Thank you. Experimentation was one of the four options I offered you, but you rejected it when I pointed out that this could only mean (a) he didn’t know what he was looking for, or (b) he did know what he was looking for, but didn’t know how to get it. Your insistence that his sole purpose from the beginning was to produce the brain of H. sapiens knocks out (a). And (b): “I want to produce H. sapiens, but first I must spend 3.5+ billion years producing millions of other life forms and econiches etc. before I even start – and even then I don’t know how to do it” does not suggest full control. An alternative view would be that H. sapiens was a late addition to his experimenting, and/or that the whole of life is one vast experiment, and/or that instead of tinkering with pre-whale legs, cuttlefish camouflage, 50,000 spider webs and the weaverbird’s nest in order to provide food until he could tinker with hominins, he created a mechanism which enabled all these organisms to work out their own ways of survival while he watched with interest to see what they would come up with (though he might occasionally have dabbled).

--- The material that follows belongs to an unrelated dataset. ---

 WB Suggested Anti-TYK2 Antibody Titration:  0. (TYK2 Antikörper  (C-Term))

dhw: If you admit you can’t understand why something was done in a certain way, you can hardly go on to say that it makes perfect sense. […] I look for the same logic you apply to your argument for your God’s existence. I can’t find it. You admit that you can’t find it either, but you don’t need to and clearly don’t want to.

DAVID: Our view of God differs widely. Of course my interpretation is personal. I don't intend it to be otherwise. I have no reason to accept your view of God, which I view as very skewed to a very skeptical position.

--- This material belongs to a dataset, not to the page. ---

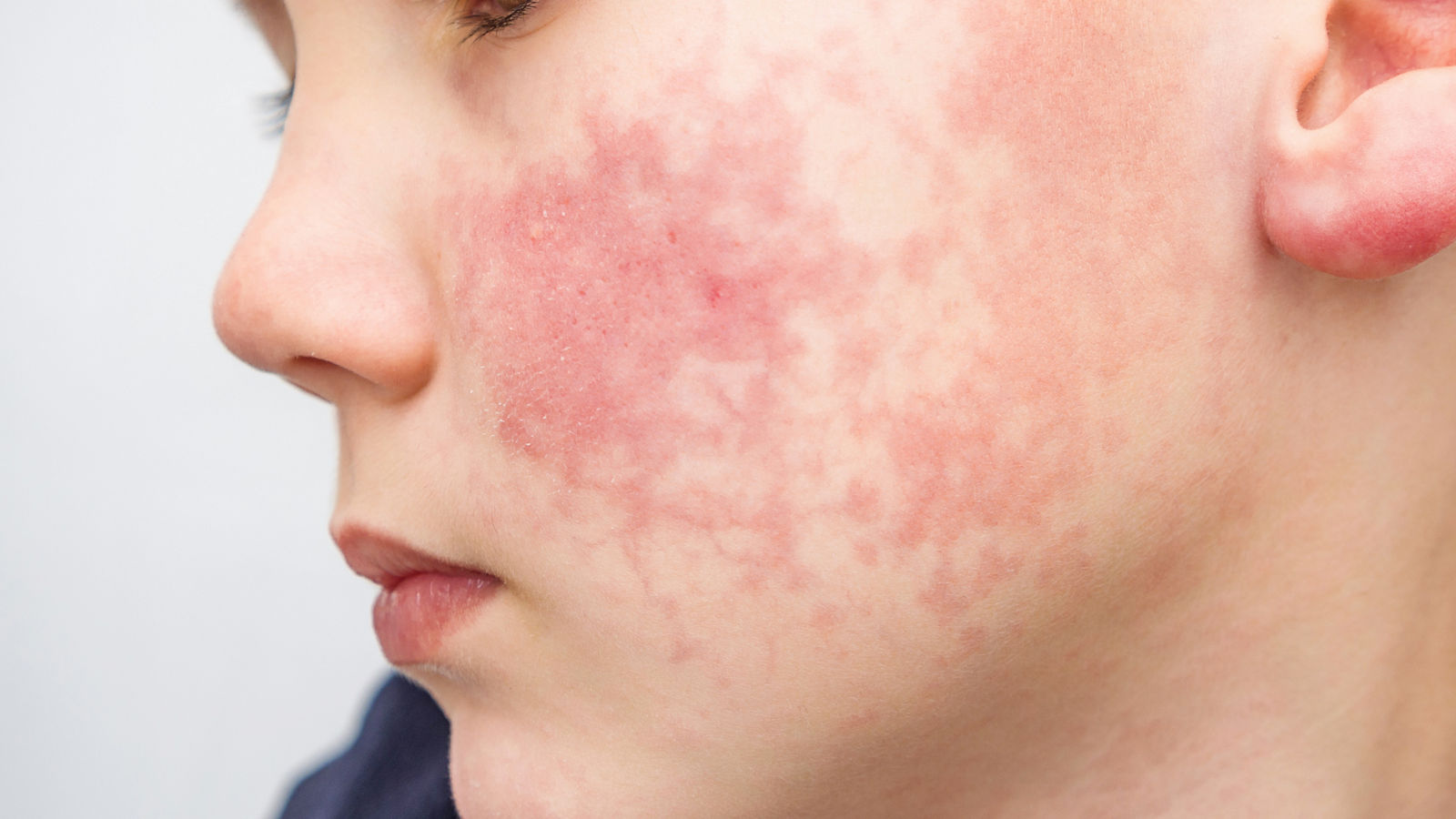 Boy with red cheeks- diathesis or allergy symptoms. Redness and peeling of the skin on the face.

This particular discussion does not concern our general view of God; it concerns your very precise interpretation of his evolutionary purposes and methods.

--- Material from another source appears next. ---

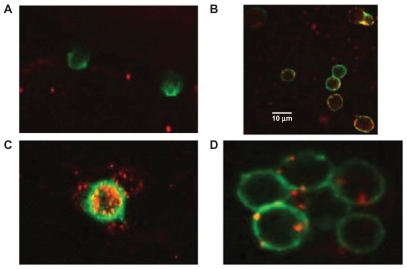 Figure 8 Interaction of engineered exosomes with cells of the immune system. A) Engineered exosomes (red small circles) coated with A2*MHC class I molecules bound to CMV peptides do not bind CD8+ T cell (stained green) from a CMV positive donor who is HLA A2 negative, showing that exosomes do not bind randomly to T cells and that binding is very much MHC dependant. B) However, when the same exosomes carrying A2*MHC/CMV complexes are cocultured with T cell from a CMV+ and A2+ donor, direct interaction between exosomes and CD8+ T cells is clearly seen. C) Engineered exosomes (stained red) also bind to natural APCs (stained green and orange when the red and green color overlaps). This figure shows a natural APC activating three different CD8 T cells via engineered exosomes. D) Exosomes bind to APC naturally whether they are engineered or not as the lipids themselves are the binding sites. Copyright © 2009, Nature Publishing Group. de La Pena H, Madrigal JA, Rusakiewicz S, et al. Artificial exosomes as tools for basic and clinical immunology. J Immunol Methods. 2009;344(2):121–132.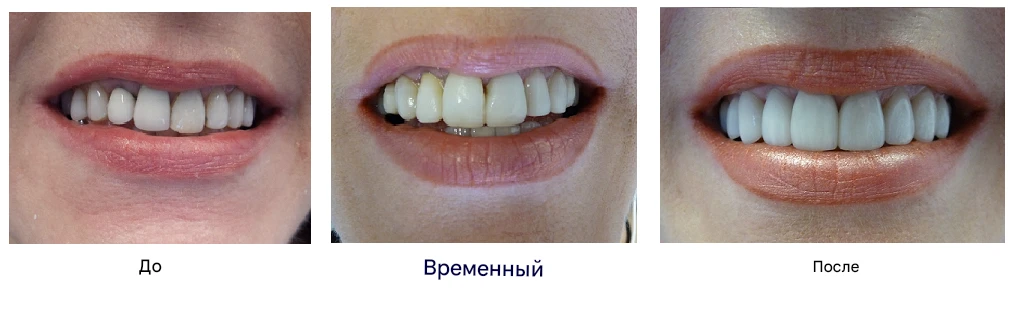 На изображении показано, как выглядят зубы до — с временными винирами, и после установки постоянных виниров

DAVID: Of course God makes survivable organisms. He couldn't do otherwise. But I view God as the prime mover and controller of evolution and thus survival which is necessary is a secondary consideration to God's control.

For the sake of argument, I have accepted your view of your God as the prime mover. We are discussing two questions: 1) The degree of control that he has or wishes to have; 2) whether survivability plays any role in evolution. As regards 1) see the “Little Foot” comment above. As regards 2), even if your God did specially design the fins, the baleens, the camouflage, the webs, the instruments for navigation and migration, you can hardly deny that they are all essential to the survival of the respective organisms. This would be so, no matter what evolutionary hypothesis we accept. So how can you say that survivability plays no role in evolution, which consists precisely in the development of such innovations?

DAVID: As for the bolded statement that I can't understand God's methods, note I didn't claim it made perfect sense.

You wrote: “Of course each level of complexity He creates will survive until He moves on to the next more complex stage. From that viewpoint all of my theories make perfect sense.
They don’t, because you can’t explain why your God has to design all the above complexities in order to produce what you believe to be his one and only goal: us.

DAVID: I don't have to. I accept what I see as God's chosen method.

That simply means you accept your own interpretation, even though it does NOT make sense to you.

DAVID: I can wonder why, but that doesn't stop me from accepting it and then analyzing what I see. It is obvious you can't do that and end up on your foggy picket fence.

I certainly can’t accept an interpretation that doesn’t make sense. But I also analyse what I see, and try to offer alternative views that do make sense. My picket fence has nothing to do with the logic of the different interpretations of why and how your God might have created and run evolution.

DAVID: I would ask you, if you could fully explain God's methods and reasoning, would you accept Him? I doubt it.

My acceptance of any theory is irrelevant. We can only speculate about your God’s existence, methods and reason, but it seems to me that a logical speculation is more likely than an illogical one.